“I certainly do refuse to fall into any such clumsy trap as you have been trying to bait for me, Mr. Meigs,” said David Kent, dropping back into his former curtness.
The door opened slowly under the impulse of the slender womanish hand.
“You have a task of some magnitude before you, Mr. Kent. You can scarcely hope to accomplish it alone.”
“Meaning that you would like to know if the fight will go on if I should chance to meet another drunken cow-boy with a better aim? It will.”
The door closed softly behind the retreating figure of the attorney-general, and Kent released the spring of the night-latch. Then he went to the dropped portiere at the farther end of the room, drew it aside and looked in on a man who was writing at a table pushed out between the windows.
“You heard him, Loring?” he asked.
The ex-manager nodded.
“They are hard pressed,” he said. Then, looking up quickly: “You could name your price if you wanted to close out the stock of goods in hand, David.”

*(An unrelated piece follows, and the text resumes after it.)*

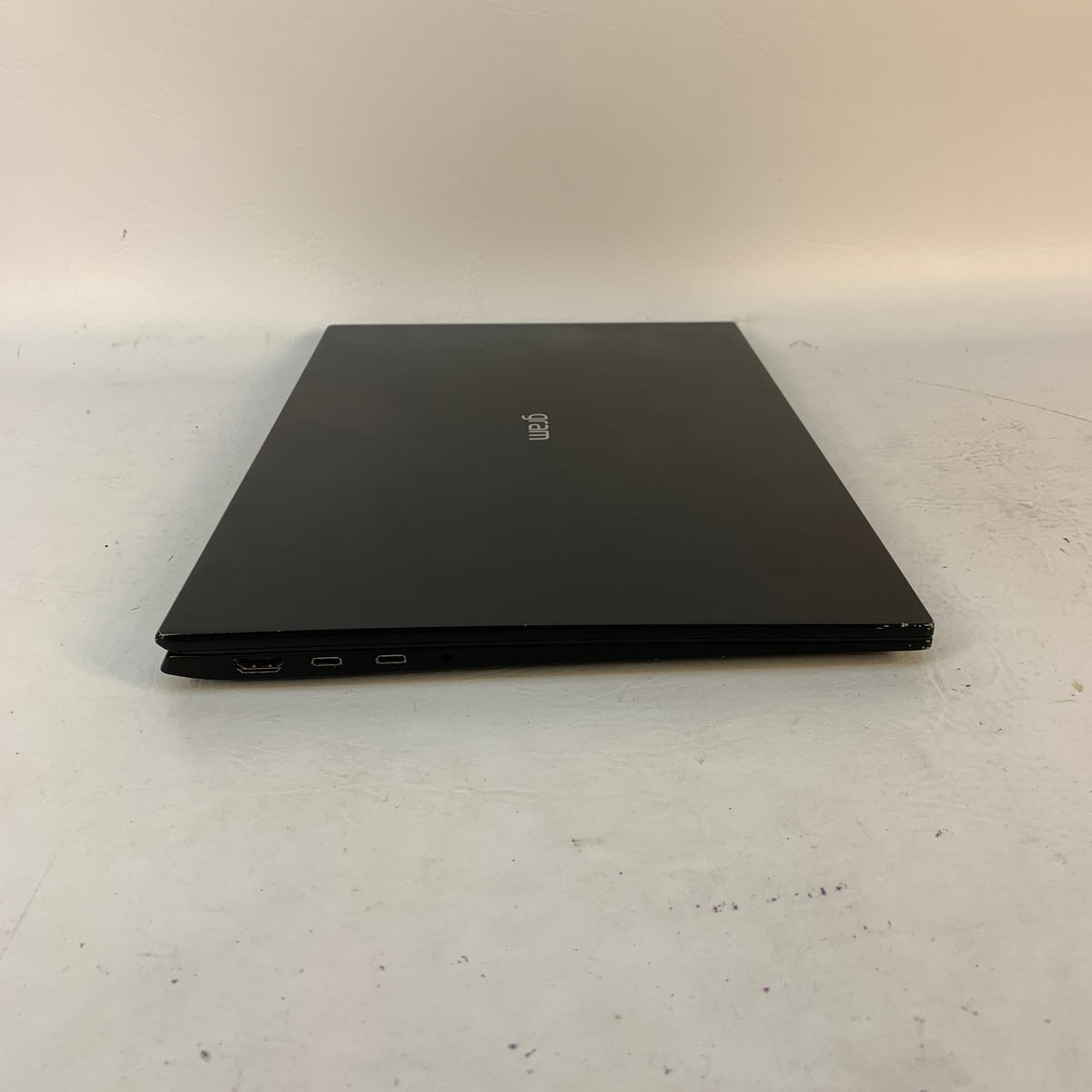 LG Gram 16Z90S-H.ADB9U1 Core Ultra 7 155H 3.8GHz 32GB RAM 2TB SSD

“I shall name it when the time comes. Are you ready to go over to the Argus office with me? I want to have a three-cornered talk with Hildreth.”
“In a minute. I’ll join you in the lobby if you don’t want to wait.”
* * * * *
It was in the afternoon of the same day that Kent found a note in his key-box at the Clarendon asking him to call up 124 Tejon Avenue by telephone. He did it at once, and Penelope answered. The key-box note had been placed at Elinor’s request, and she, Miss Penelope, could not say what was wanted; neither could she say definitely when her sister would be in. Elinor had gone out an hour earlier with Mr. Ormsby and Miss Van Brock in Mr. Ormsby’s motor-car. When was he, David Kent, coming up? Did he know they were talking of spending the remainder of the summer at Breezeland Inn? And where was Mr. Loring all this time?
Kent made fitting answers to all these queries, hung up the ear-piece and went away moodily reflective. He was due at a meeting of the executive committee of the Civic League, but he let the public business wait while he speculated upon the probable object of Elinor’s telephoning him.
Now there is no field in which the inconsistency of human nature is so persistent as in that which is bounded by the sentimentally narrowed horizon of a man in love. With Ormsby at the nodus of his point of view, David Kent made no secret of his open rivalry of the millionaire, declaring his intention boldly and taking no shame therefor. But when he faced about toward Elinor he found himself growing hotly jealous for her good faith; careful and fearful lest she should say or do something not strictly in accordance with the letter and spirit of her obligations as Ormsby’s fiancee.
For example: at the “conspiracy dinner,” as Loring dubbed it, Ormsby being present to fight for his own hand, Kent, as we have seen, had boldly monopolized Miss Brentwood, and would have committed himself still more pointedly had the occasion favored him. None the less, when Elinor had begged him privately to see her before moving in the attack on the junto, he had almost resented the implied establishing of confidential relations with her lover’s open rival.